The signals pointing to and involved in the development of tumour cachexia are not yet fully understood. A developed tumour leads to a continuous inflammation reaction, during which characteristically an APR develops because of the production of cytocines by T1 helper cells such as, for example TNF, IL-1, IL-6, IFN and CNTF.
The status caused by the tumour leads to a chronic inflammation and cachexia in cancer patients. Investigated were the effects of medication with EPO and TPM cytoprotective substances on the behaviour of an induced tumour cachexia. Moreover, the combined administration of EPO and TPM with the 1-adrenoceptor inhibitor bisoprolol was studied identically. It could be shown that the administration of EPO or TPM can counteract the cachexia associated with the tumour.

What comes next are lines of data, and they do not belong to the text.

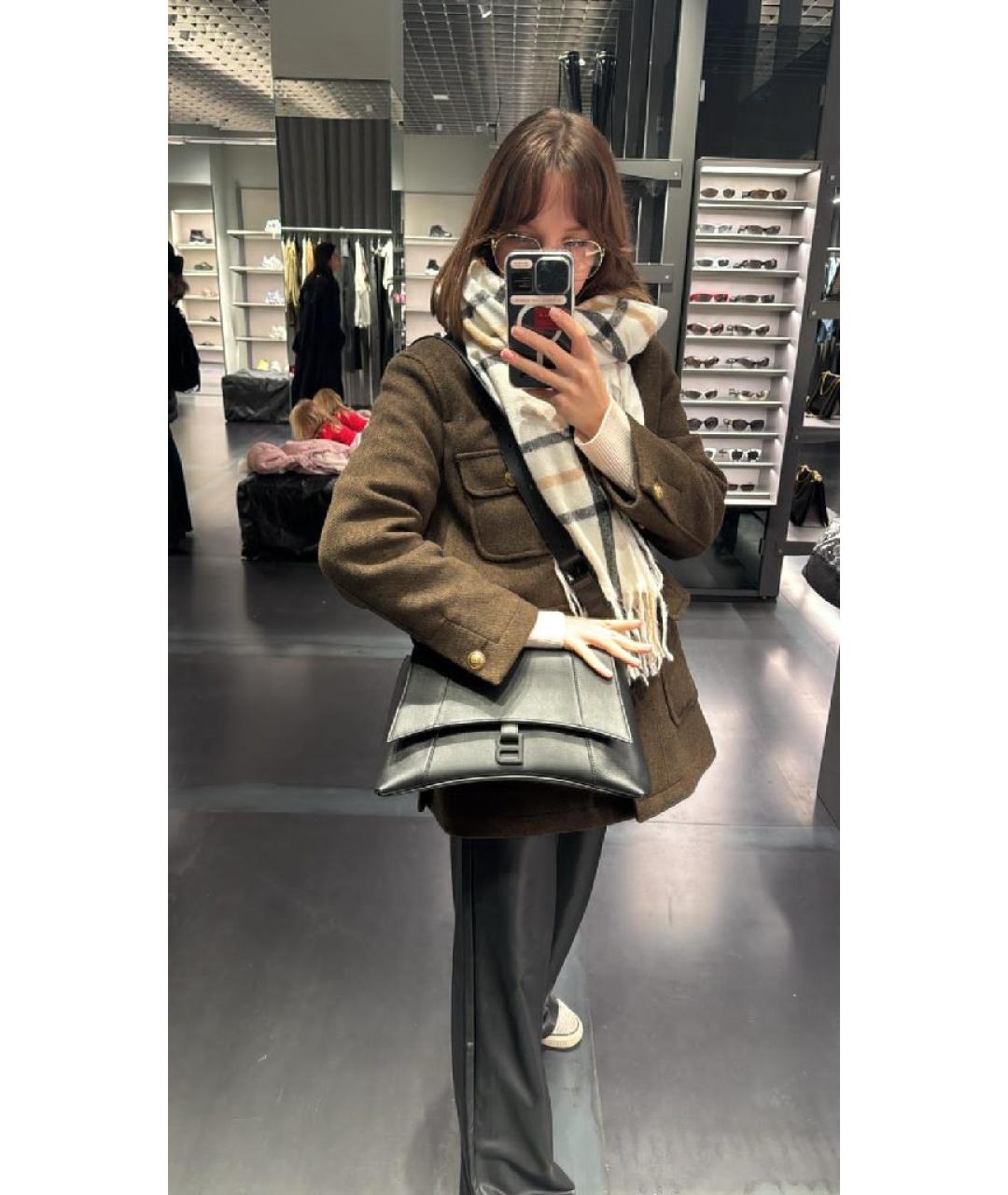 BALENCIAGA Черная кожаная сумка через плечо, фото 6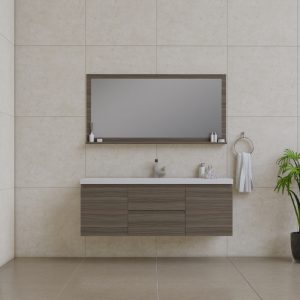 Alya Bath Paterno 60 inch Single Wall Mount Bathroom Vanity Gray
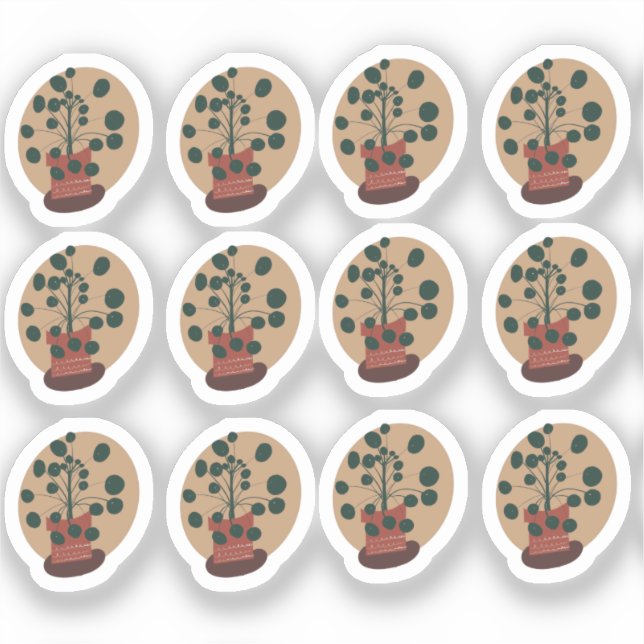 Pegatina Diseño de dibujo de planta de Peperomia (Anverso)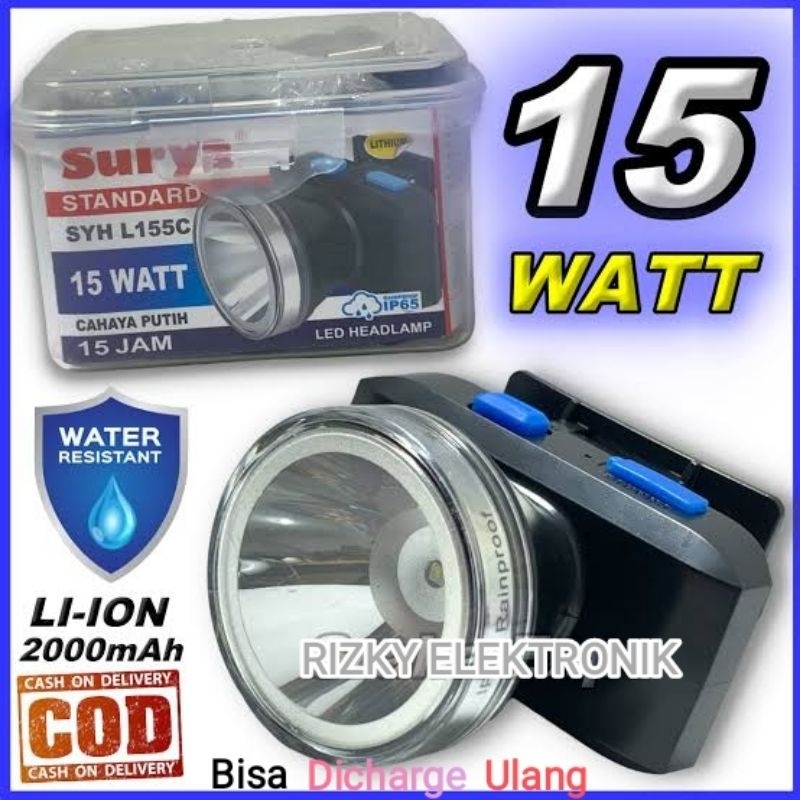 Senter Kepala 15W 15 Watt Surya SYH L155C Waterproof Rechargeable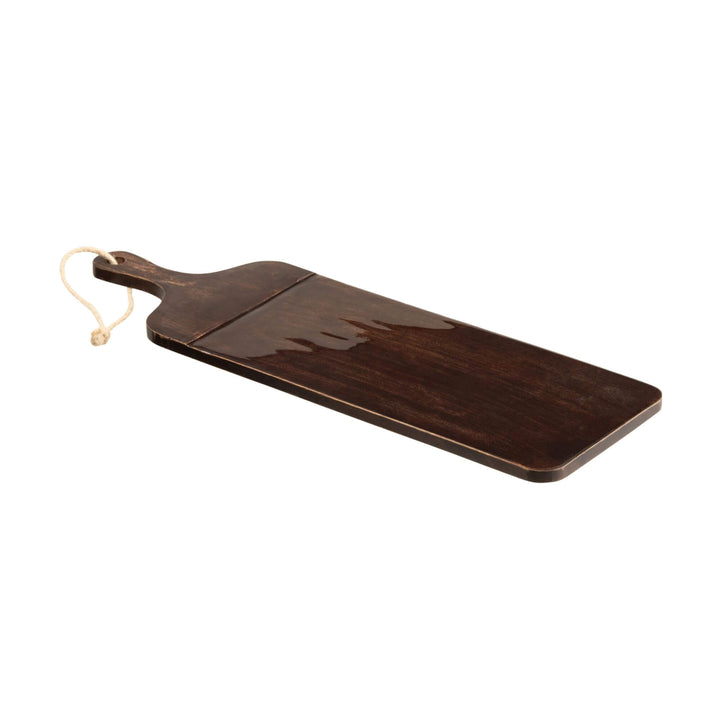 Brown Plake Chop Board angled view highlighting glossy wood grain and elongated silhouette.
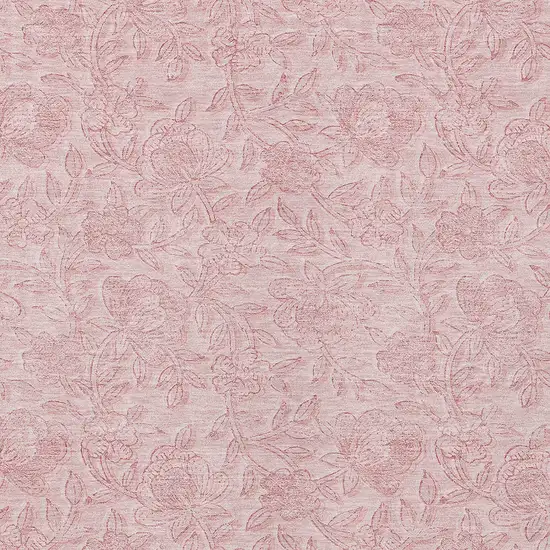 Pink And Red Floral Washable Indoor Outdoor Area Rug Photo 5
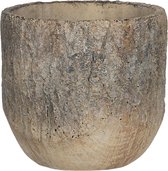 Clayre & Eef Bloempot Binnen Ø 13*12 cm Bruin Steen Rond Plantenpot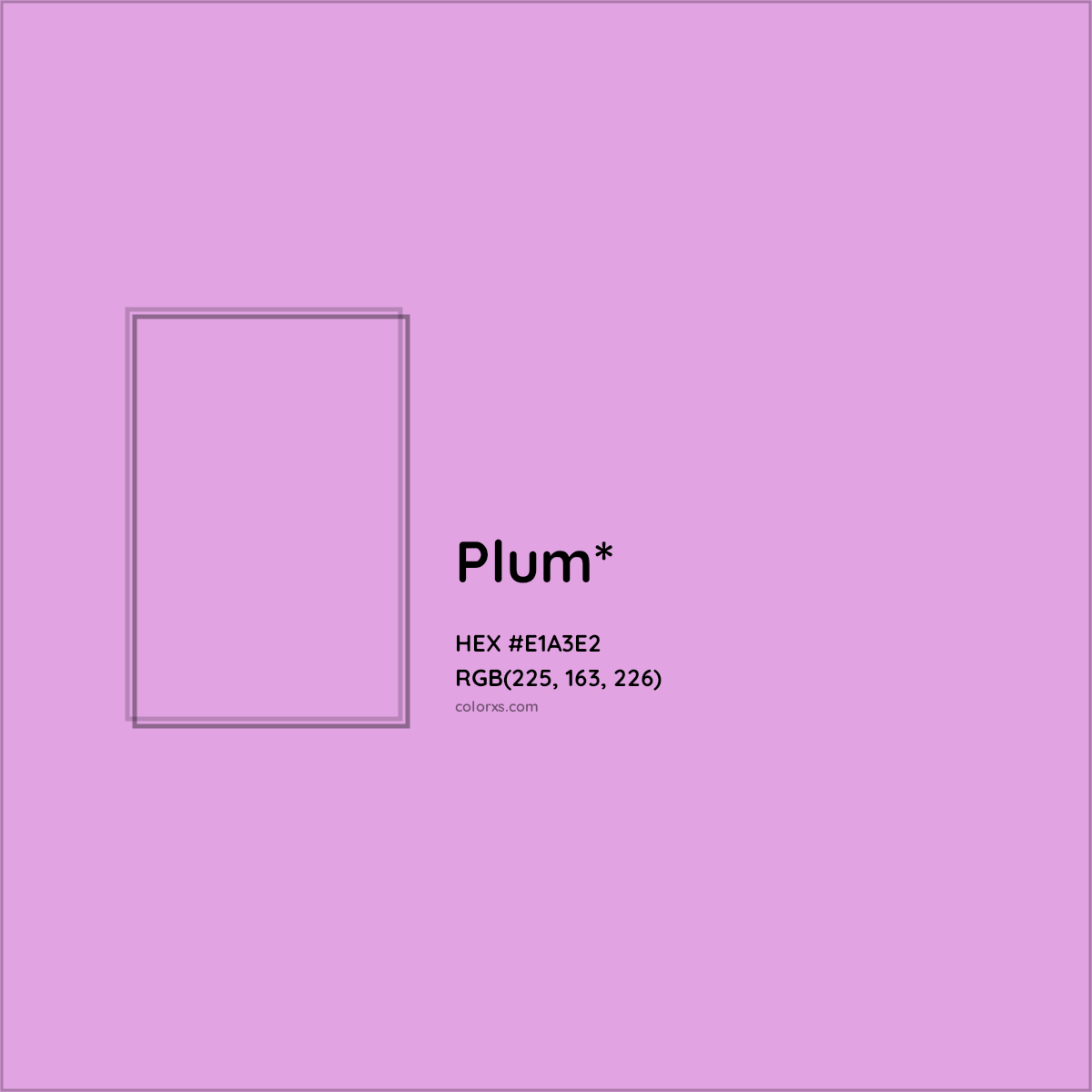 #E1A3E2 hex color. RGB, RYB, CMYK, HSL, HSV codes and color conversions. Matching color names, palettes, paints.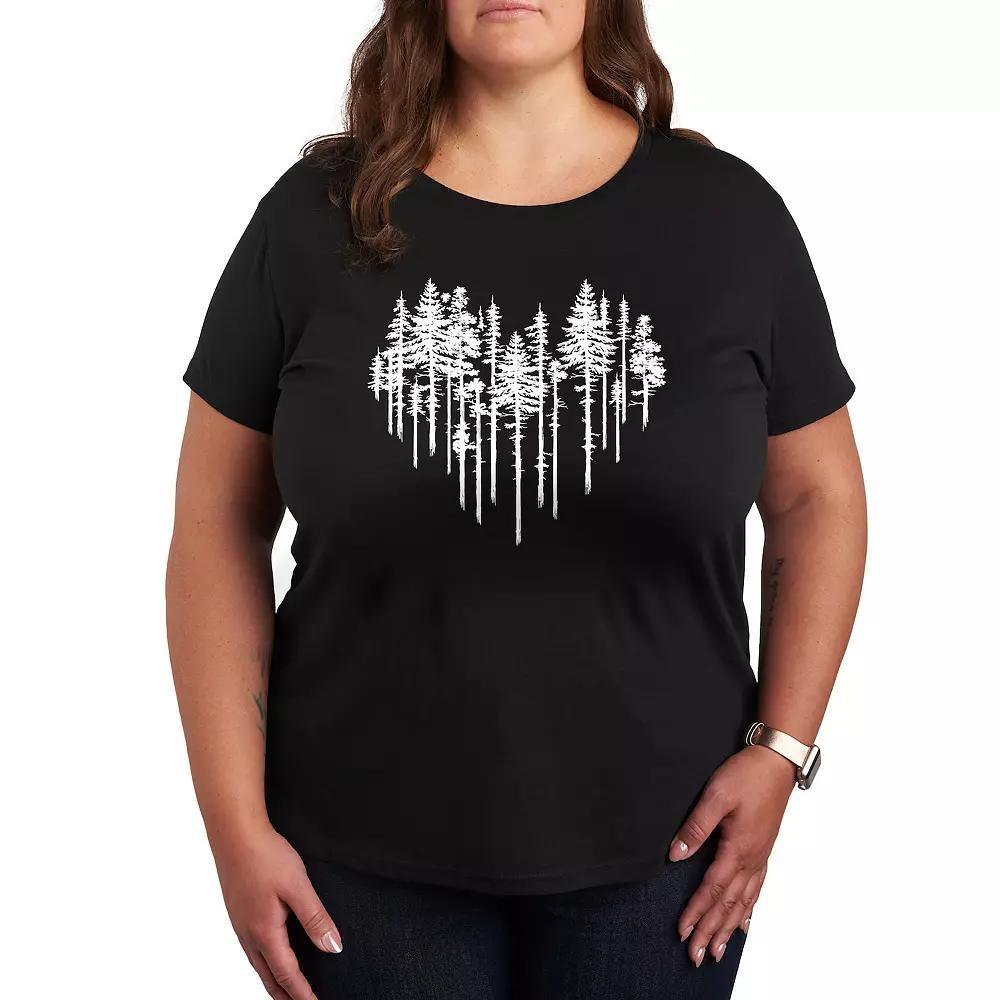 Plus Heart Trees Graphic Tee, Womens Grey Blue Product Image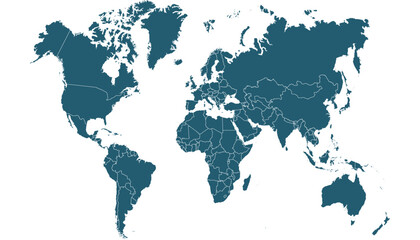Fototapeta na wymiar World map. Silhouette map. Color vector modern map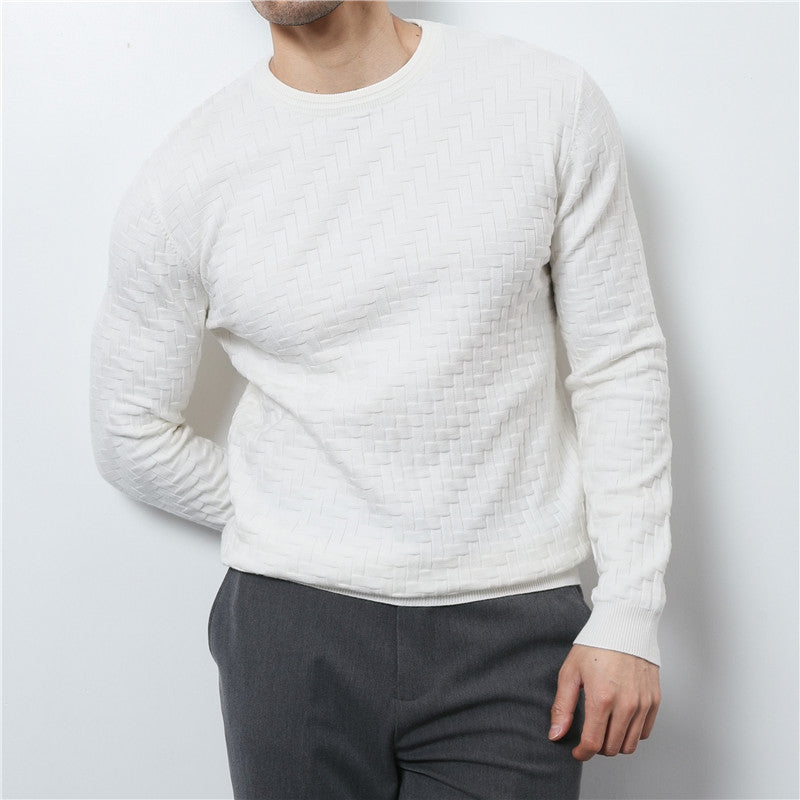 Jacquard Woven Round Neck Sweater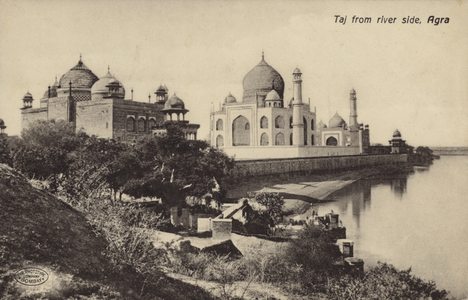 Taj from river side, Agra (b/w photo)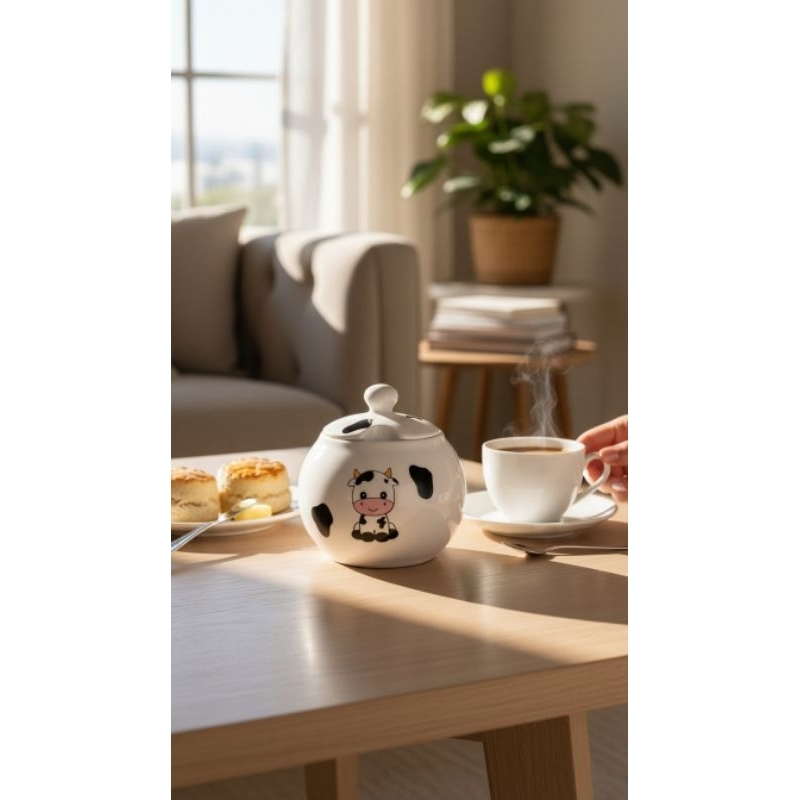 Açucareiro Vaquinha de Porcelana 400ml Pote para Açúcar Cantinho do Café Decoração Cozinha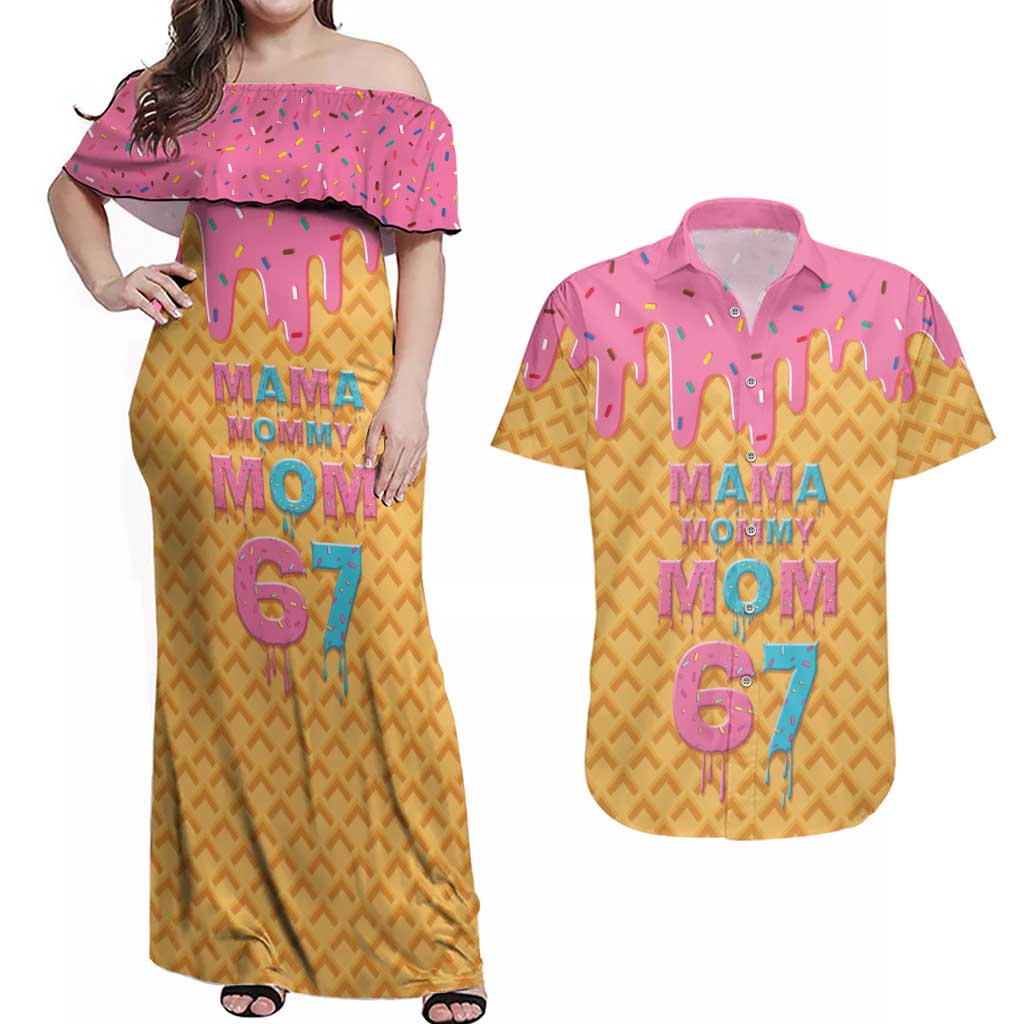 Mama Mommy Mom Six Seven 67 Couples Matching Off Shoulder Maxi Dress and Hawaiian Shirt Sweet Dripping Style - Wonder Print Shop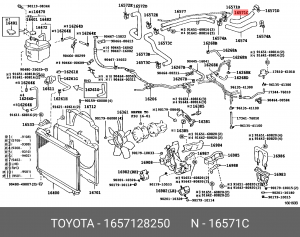 патрубок радиатора!\ Toyota RAV4 2.0 06-13 16571-28250 TOYOTA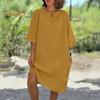 Женское свободное платье-рубашка из хлопка и льна, повседневное платье миди с рукавом 1/2 и круглым вырезом, летний пляжный сарафан для отдыха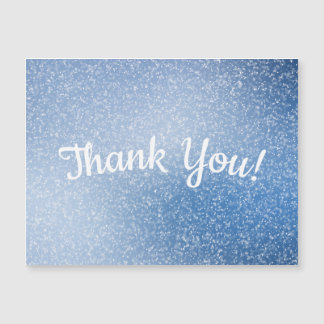 Silver glitter op blauw Dank u Magnetische Kaart
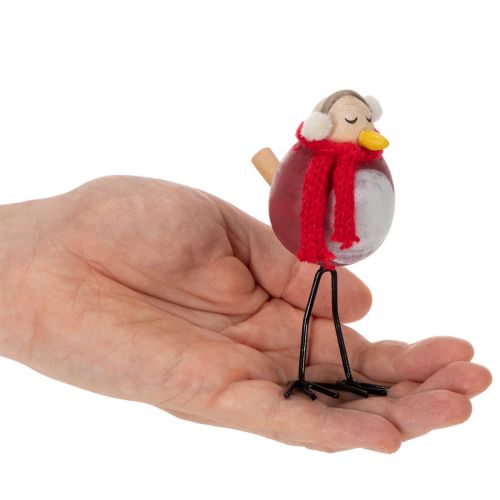 Dekoracyjna figurka ptaka z szalikiem, dekoracja zimowa, 11 cm, 4 sztuki | Floristik24.pl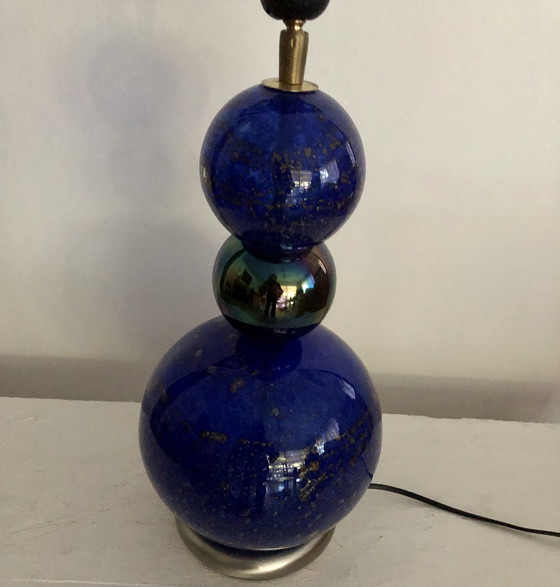 Image 1 of Blauw Goud Vintage Geblazen Glazen Tafellamp 1980/1990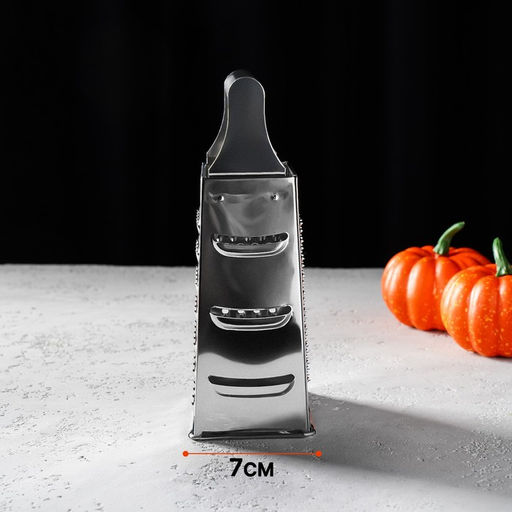 Тёрка четырёхгранная Доляна «Металлик», 9×7×19 см, хромированная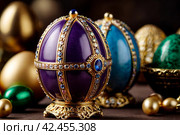 Russian jewelry souvenir, easter eggs copy of Faberge, unique impressive collection of jewelry, made by famous russian jewelers. Copy space. Стоковое AI-изображение, AI-художник Aleksandr Golubev / Фотобанк Лори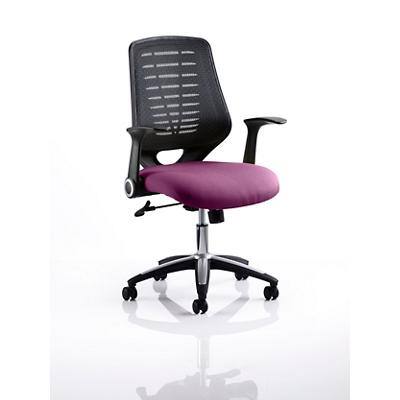 Dynamic Tilt & Lock Task Operator Chair Folding Arms Relay Black Back, Tansy Purple Seat Without Headrest Medium Back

Positive effects on maintaining heart function and an improvement in the general condition were also proven. Well-known adverse reactions of a therapy with EPO like an increased risk of thrombosis, high blood pressure or polycythemia do not appear under a treatment with TPM. The best results were given by the two substances in the high combination with bisoprolol; TPM, which has no haemotopoetic characteristics, was shown to be superior to EPO. Administration of EPO and TPM, especially in combination with bisoprolol, could reduce a cachexia and influence the illness progression positively in rats with a Yoshida AH-130 hepatoma. Further investigative studies should be undertaken to determine the best dosage.